For popular medieval music made outside of the church, the only written tradition is vocal tradition. “You have the melodies and you have the texts, and they’re gorgeous melodies,” says Margot Fassler, professor of music history and liturgy at the University of Notre Dame. “A musician can listen to a melody and you don’t have anything but your imagination and your knowledge of the practice to put together a whole new piece. It’s different [than] if you’re going to do that with Mozart [because] you’ve got a living tradition…you’ve got all the music all written down.”

But scholars and musicians don’t have that with the Middle Ages, where music was often improvised or passed down by ear. “You can see a lot of pictures of medieval instruments, you know what they look like and you know that they exist,” Fassler says. “But you don’t have real copies of them, and you certainly don’t have music written down for them.”

“It’s a miracle that we even have some of the melodies surviving from that period, because other than church musicians, the popular musicians were mostly illiterate,” Wood says.

Sure, bardcore’s usage of modern melodies may not align with what scholars know about medieval melodies (written in an entirely different mode) and the insertion of faux-medieval phrases like taking out all the “you”s and using “thou” alongside contemporary lyrics may not be entirely accurate. But bardcore’s reinvention of medieval music isn’t all that different from what’s framed as historically accurate medieval music today.

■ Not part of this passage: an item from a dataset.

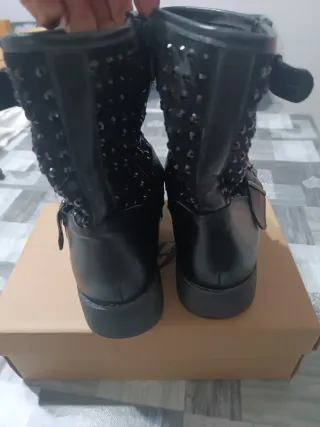 Stivali donna n.38 con borchie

“Every time that you hear something like what we’re hearing with bardcore, you realize that it’s an invention,” Fassler says. “And even when medieval musicians do it it’s an invention because it was all improvised in a style that died out. It’s an incredible invitation to the imagination.”

“The authenticity police are going to blow their whistles very loudly because it’s not authentic,” she says. “But they’re not pretending that it is, they’re just having fun with it.”